> _Try it_
Could you restate, exactly and with nothing added, the lines from the start of the data through the line that holds "Superbes Studios De", leaving the pictures out?

> _Extracted entries_

================

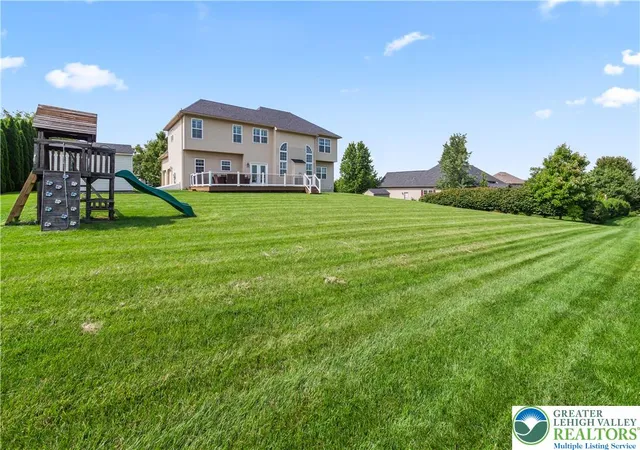 Photo 3 of Sale Pending at 2305 Madeira Dr, Macungie, PA 18062 | MLS# 782960 | Listing updated on 2026-09-26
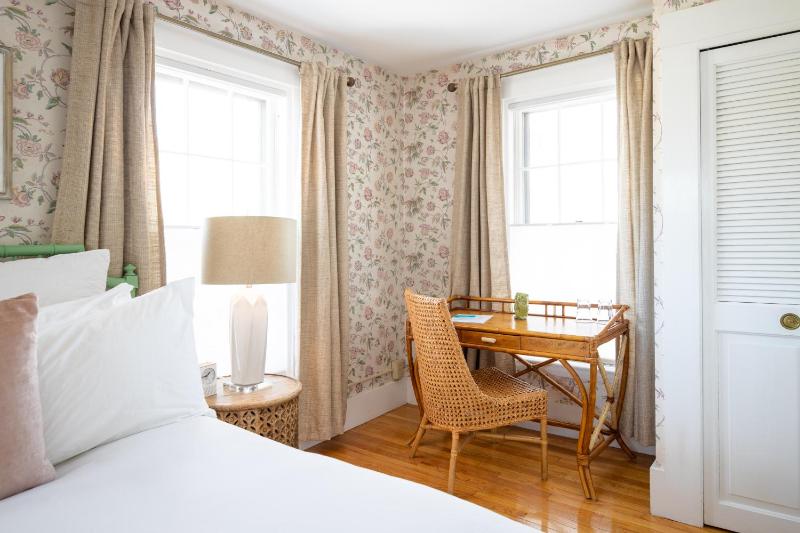 Deluxe Double Room with Sea View image 4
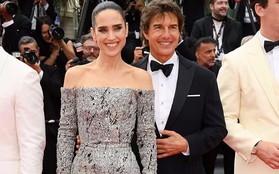 Tom Cruise tình tứ với bạn diễn trên thảm đỏ Cannes, nhận giải Cành cọ vàng danh dự
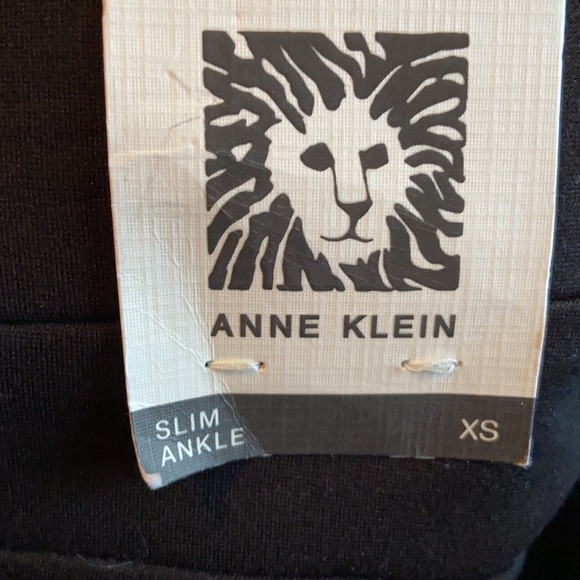 Anne Klein- NWT Black Slimming Dress Pants - Picture 3 of 5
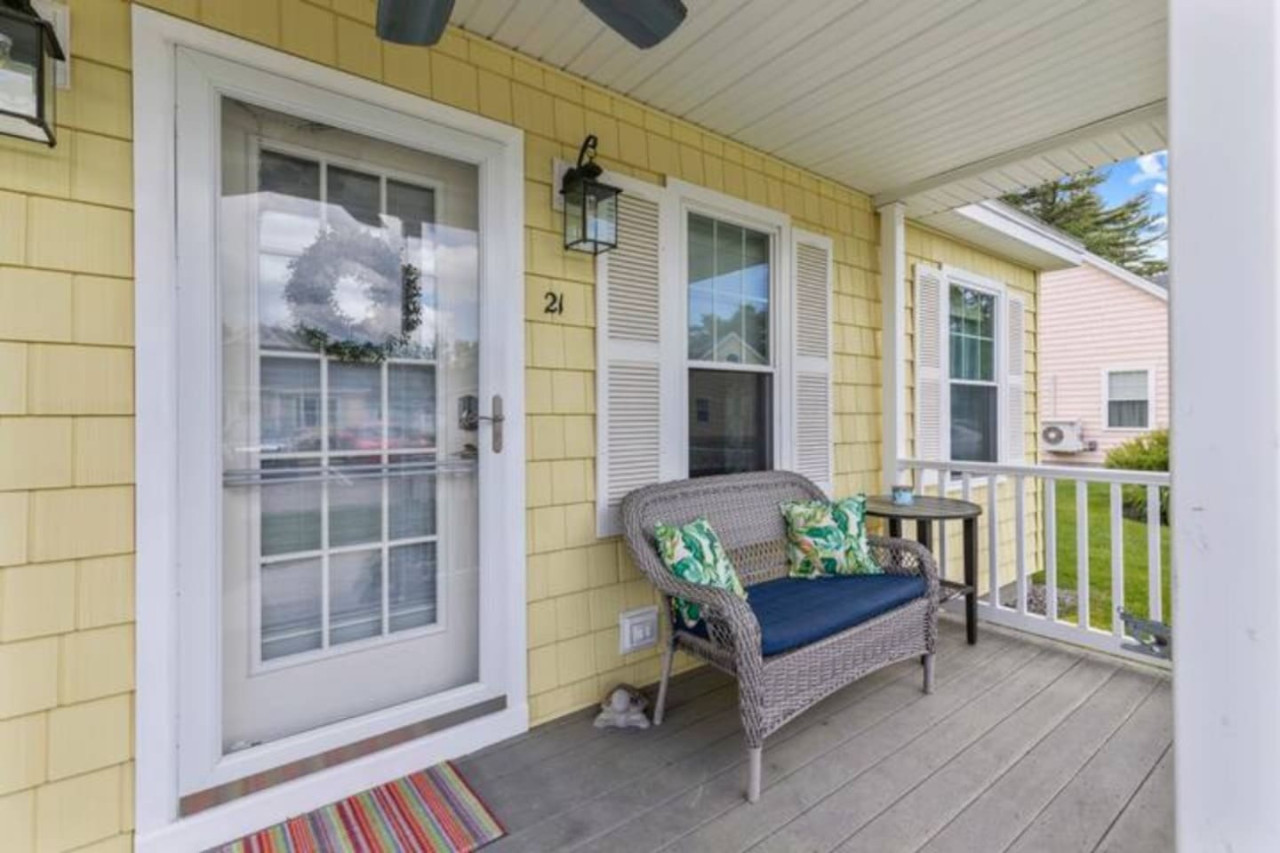 coastal-calm-or-sleeps-6-or-gym-access/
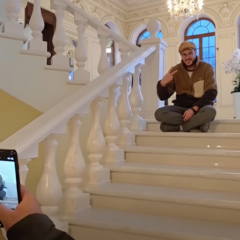 Foreign journalists in ruined Mariupol theater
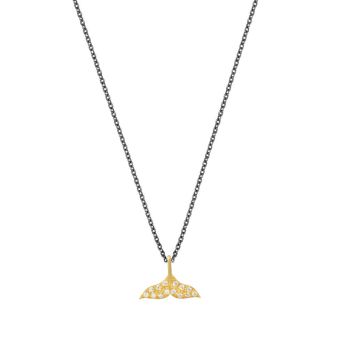 Die wunderschöne Halskette von Krinaki Jewelry aus geschwärztem Sterling Silber mit funkelnder, goldener Schwanzflosse eines Wals wartet schon im Perlenmarkt OnlineShop auf Dich! Jetzt entdecken!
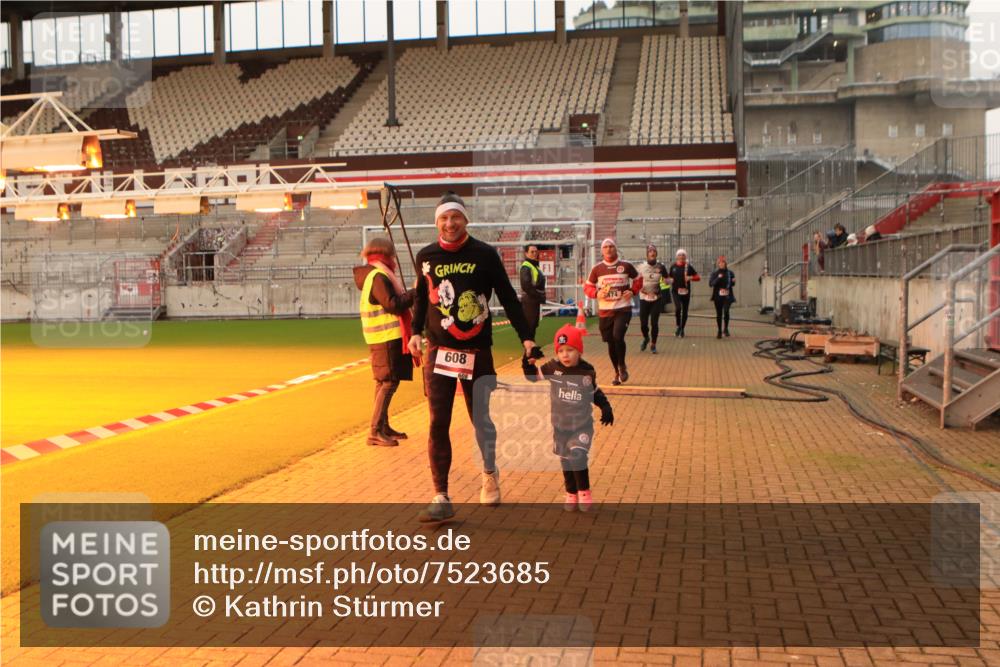 08.12.2024 - St. Pauli X-Mass-Run No. 14 Kathrin Stürmer Photography http://msf.ph/oto/7523685 08.12.2024 10:00:02 Ziel 174, 259, 608, 3013, 3015 meine-sportfotos.de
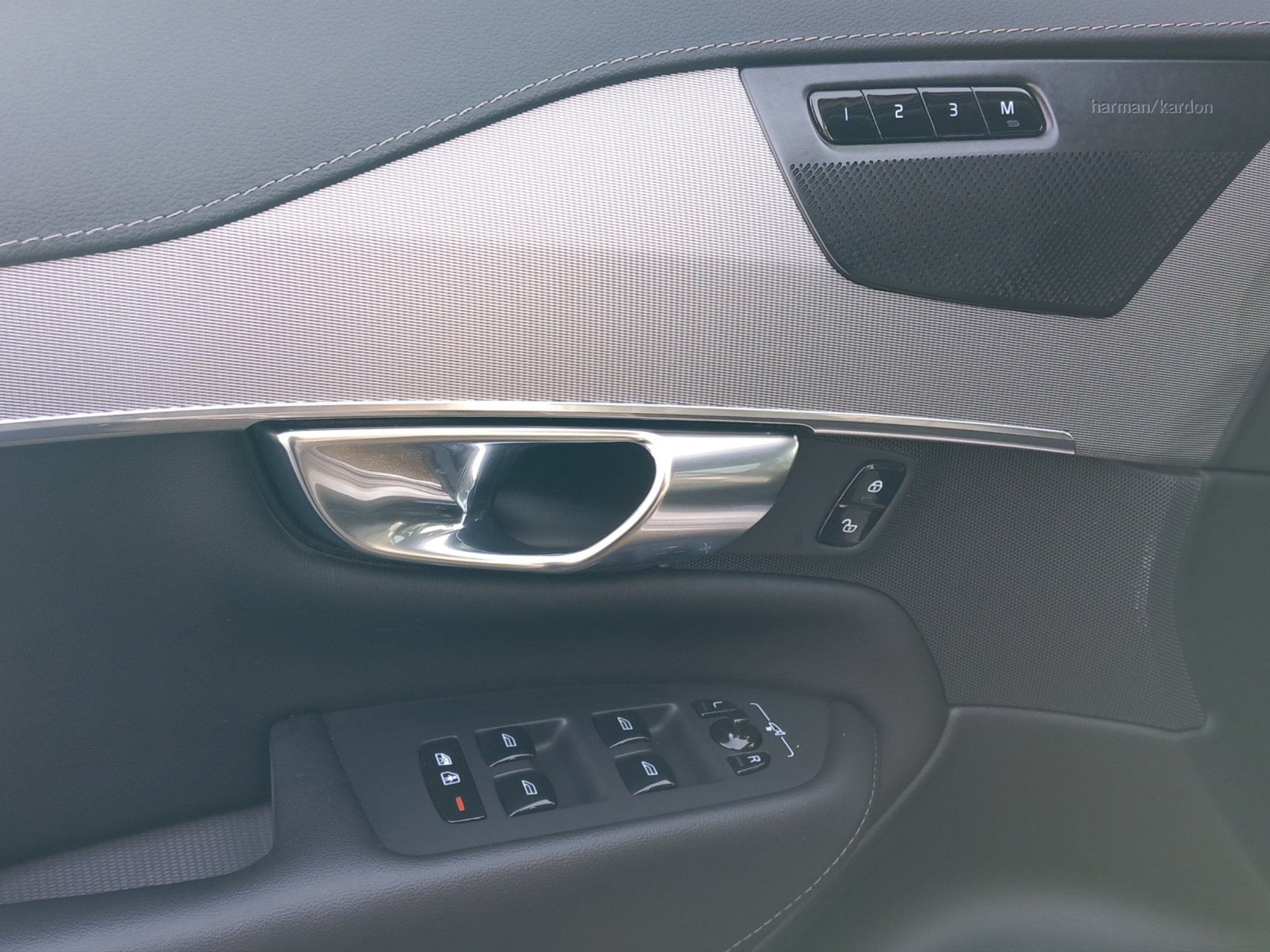 listing desktop thumbnail image 22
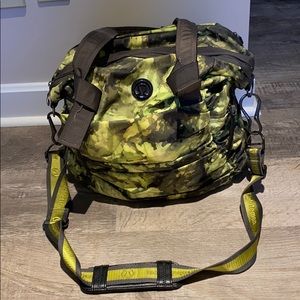 Lululemon side bag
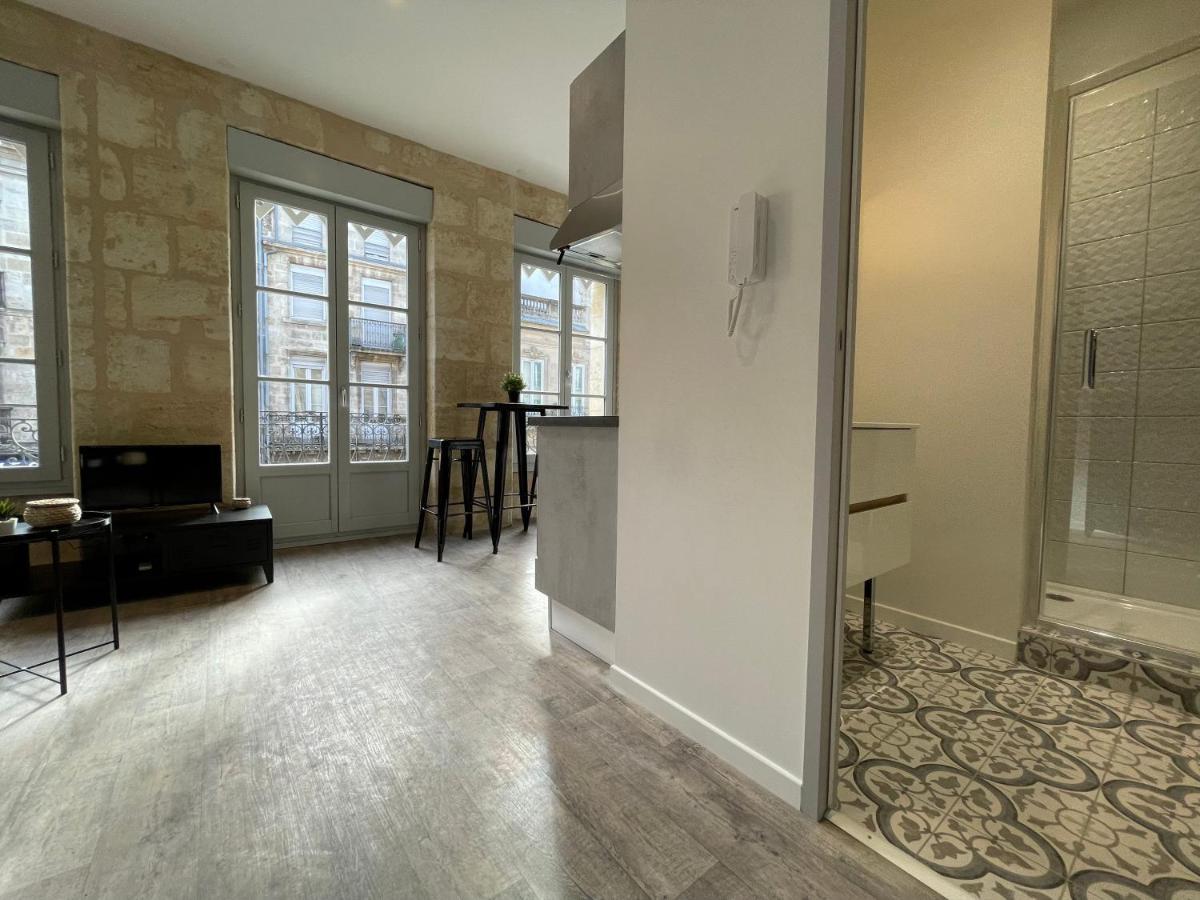Superbes Studios De Charme, Lumineux Et Climatises En Plein Centre Bordeaux Bagian luar foto
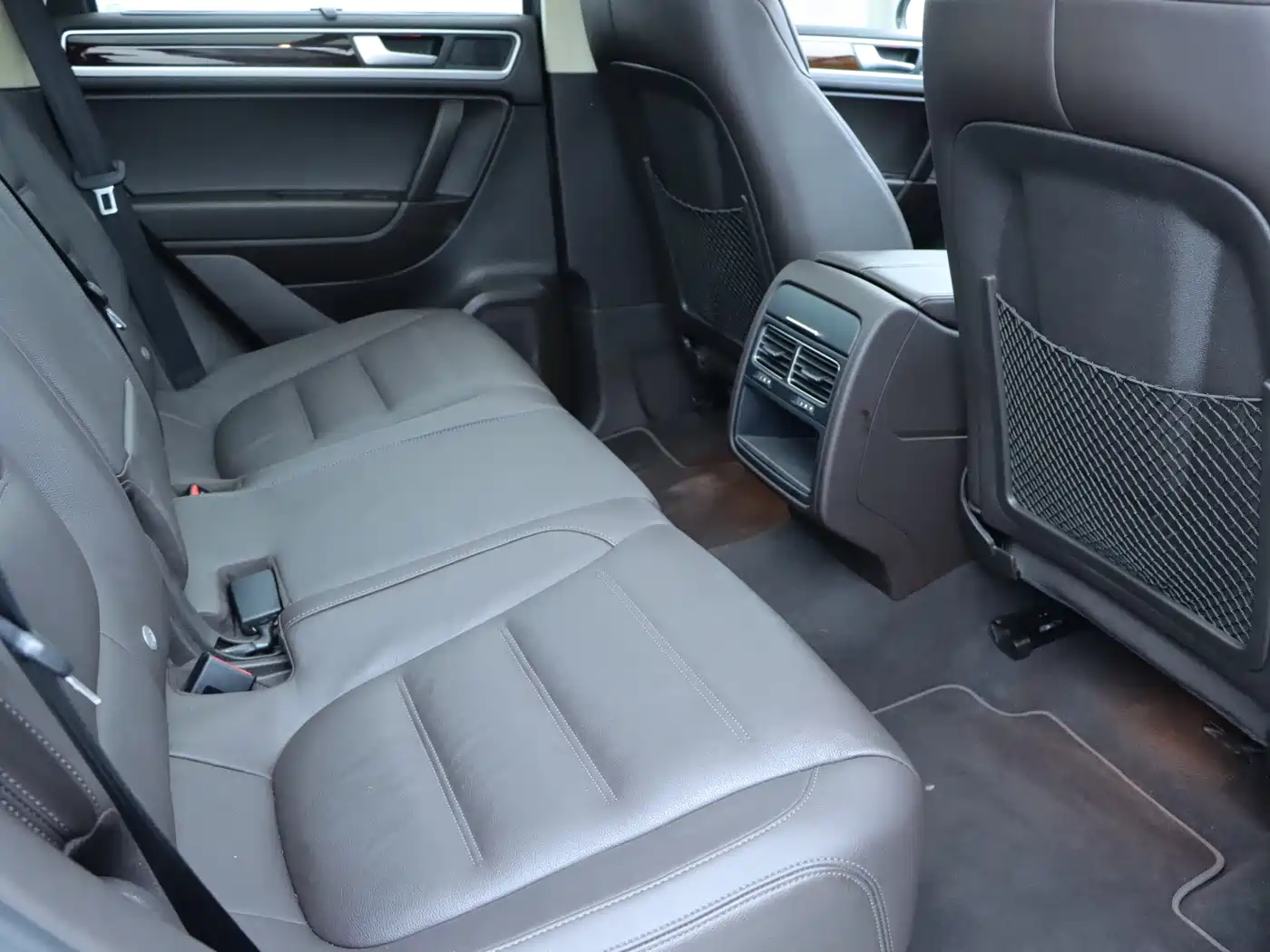 Volkswagen Touareg 2015 3.0TSI Comfort Edition фото 12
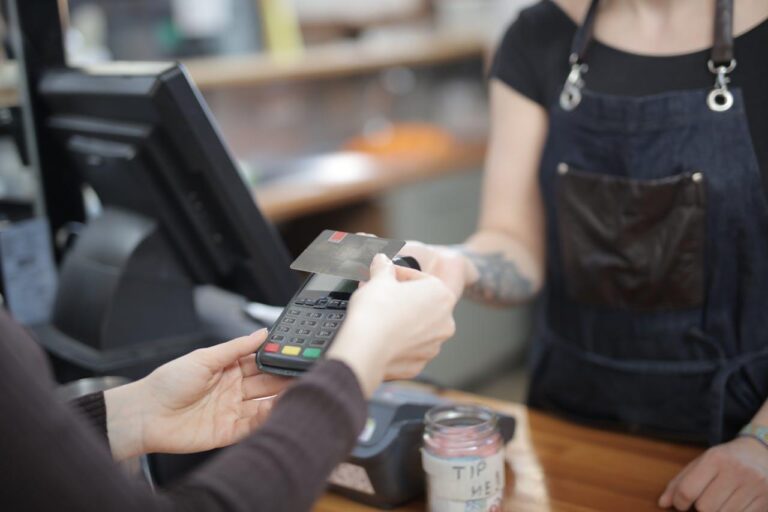 Ondernemer accepteert mobiel betalen op locatie voor flexibeler werken zonder kassasysteem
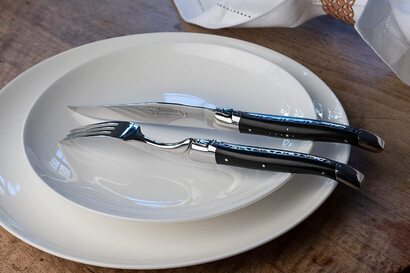 Оригинальнй нож для стейка Laguiole en Aubrac, набор из 2 ножей для стейка, ручка из черного дерева, оригинал из Франции, в комплекте красивй деревяннй ящик для хранения и сертификат / Люди из дерева
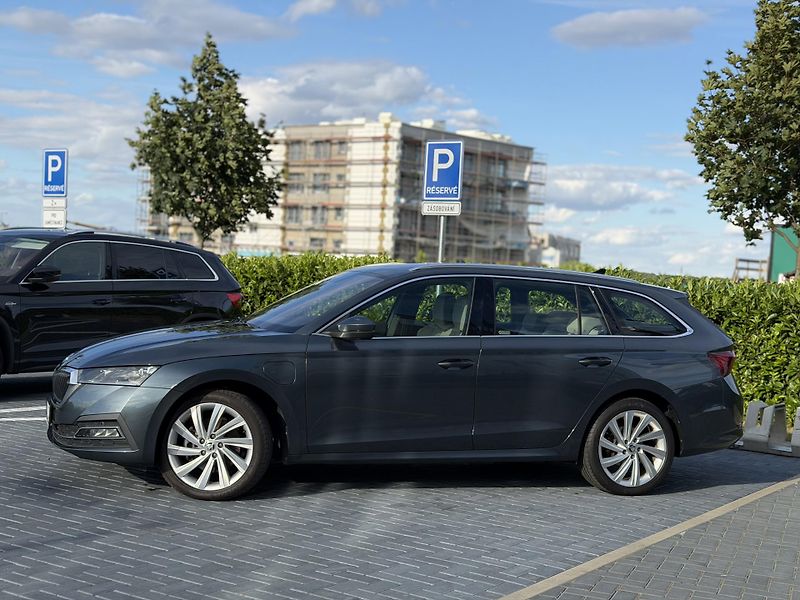 Škoda Octavia (2021) iV STYLE+ / DCC / DPH - fotka 2 z 21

================

> _Result of the exercise_
 Photo 3 of Sale Pending at 2305 Madeira Dr, Macungie, PA 18062 | MLS# 782960 | Listing updated on 2026-09-26
 Deluxe Double Room with Sea View image 4
 Tom Cruise tình tứ với bạn diễn trên thảm đỏ Cannes, nhận giải Cành cọ vàng danh dự
 Anne Klein- NWT Black Slimming Dress Pants - Picture 3 of 5
 coastal-calm-or-sleeps-6-or-gym-access/
 Foreign journalists in ruined Mariupol theater
 Die wunderschöne Halskette von Krinaki Jewelry aus geschwärztem Sterling Silber mit funkelnder, goldener Schwanzflosse eines Wals wartet schon im Perlenmarkt OnlineShop auf Dich! Jetzt entdecken!
 08.12.2024 - St. Pauli X-Mass-Run No. 14 Kathrin Stürmer Photography http://msf.ph/oto/7523685 08.12.2024 10:00:02 Ziel 174, 259, 608, 3013, 3015 meine-sportfotos.de
 listing desktop thumbnail image 22
 Lululemon side bag
Superbes Studios De Charme, Lumineux Et Climatises En Plein Centre Bordeaux Bagian luar foto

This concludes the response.